REVIEW: The X-Files - The Event Series (Season 10)
George Lucas was criticized by some for wrecking Star Wars when he made the prequel trilogy. Everything he had built up in the first trilogy collapsed.
Chris Carter, meet George Lucas.
Chris tried to continue his X-Files TV series as a theatrical movies series. The last one was disappointing: X-Files - I Want A Refund.
So back to the small screen.
The first season of the X-Files started off with a relatively simple premise: evil aliens are working with the US government. Then as the series continued Chris kept adding to his "mythology," adding more details until it was too convulated to explain even to some fans. He was like a crazed house builder, adding on new extensions and wings that sometimes connected back to each other, creating not a home but a maze.
Thirteen years later Chris brings back his creation as a six episode mini-series. As with each season of the original series he bookends the latest run, the first episode introducing a new revelation and the last one ending up with a cliffhanger.
Even Chris has said the X-F mythology grew spontaneously, no master plan, resulting in an entangled mess. Black oil, alien bounty hunters, alien rebels, disease-carrying bees -- the list goes on ad nauseam. If the series had started more recently it would somehow throw in the ice bucket challenge.
It seems Chris wanted to go back to a simpler set-up with the first episode of Season 10. Fox Mulder learns that everything he thought he knew about the alien invasion is wrong; the whole thing is a governmental hoax.
Sound familiar? This same plotline was used in Season 5's first two episodes, Redux 1 and 2.

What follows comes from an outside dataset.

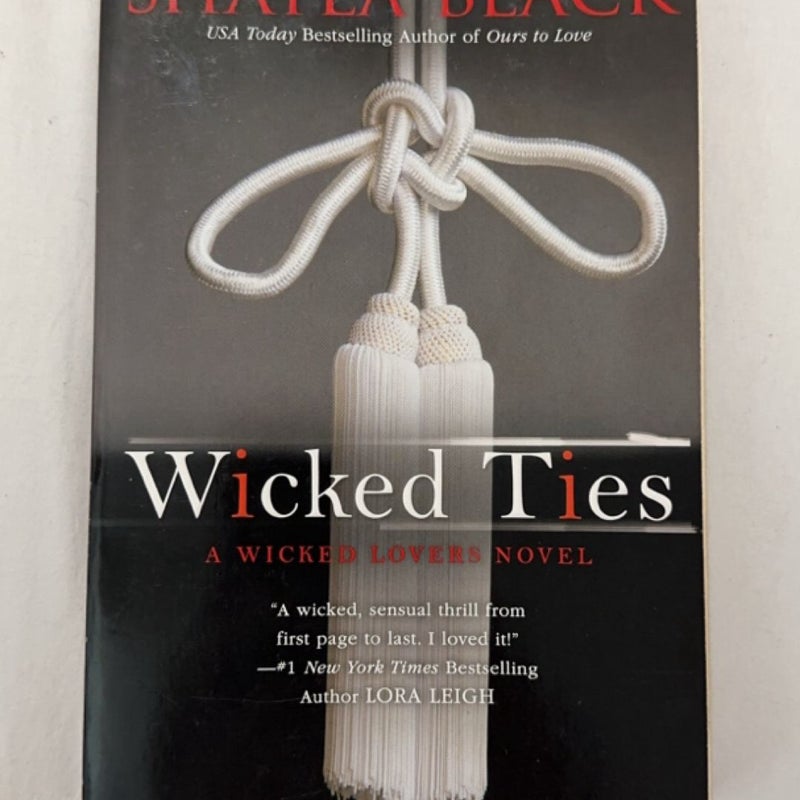 Wicked Ties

Chris has stated that with the latest season he wasn't bound to everything that went on before. Apparently he wanted a simpler set up. Ergo black oil, alien bounty hunters, etc. were flushed down a black hole.

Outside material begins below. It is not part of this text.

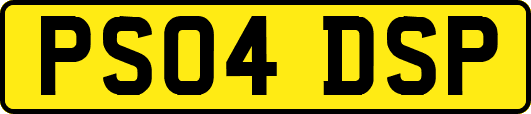 PS04DSP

So the conspiracy is now more earthbound, humans not aliens are the villains.
Somehow Mulder and his partner -- former redhead Dana Scully -- are re-instated in the FBI, the X-Files reopened. Sorry, that's too convenient and implausible considering Mulder's previous shenanigans. It would be more believable if he continued with his own X-Files, sometimes being an consultant to the FBI.

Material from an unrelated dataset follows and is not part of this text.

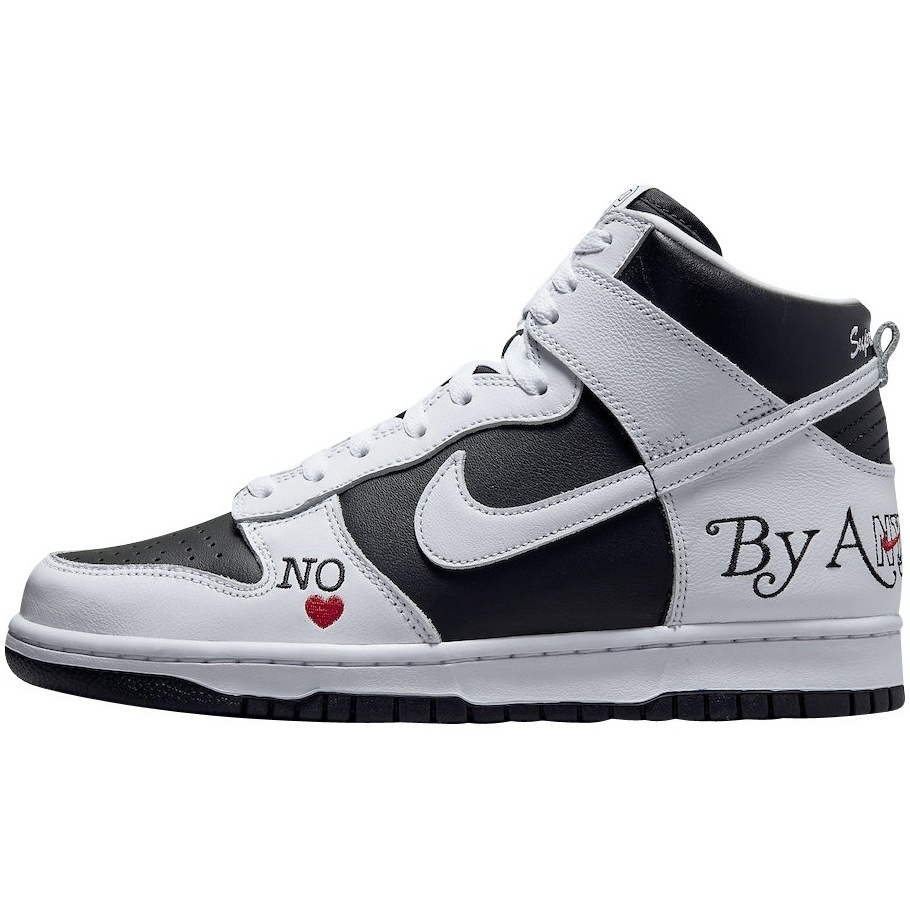 Supreme®/Nike® SB Dunk High - spring/summer 2022 - Supreme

Somehow the lead villain, the Cigarette Smoking Man, is back. Huh? The last time we saw him was enveloped in flames. There would nothing left but a carbon smudge. Maybe he went to hell but Satan kicked him out for violating the no smoking policy.
The mini-series reintroduces the concept of alien DNA present in humans but the concept is tweaked again. Also there's the return of the global plot to wipe out most of mankind with disease while the elite survive. Last episode in Season 10, the cliffhanger: disease is rampant, the world is in chaos, Mulder is infected and dying. His partner Scully is trying to save him but she's startled to see an alien space craft hovering overhead, apparently showing up to abduct her. Again.
I think Chris should have followed DC Comics' example and hit the reboot button, destroying the entire universe to start anew.
Not all is lost with Season 10. If you enjoyed the comedic episodes of the X-Files then "Mulder and Scully Meet the Were-Monster" is recommended. Not as great as "Jose Chung's From Outer Space" but fairly close.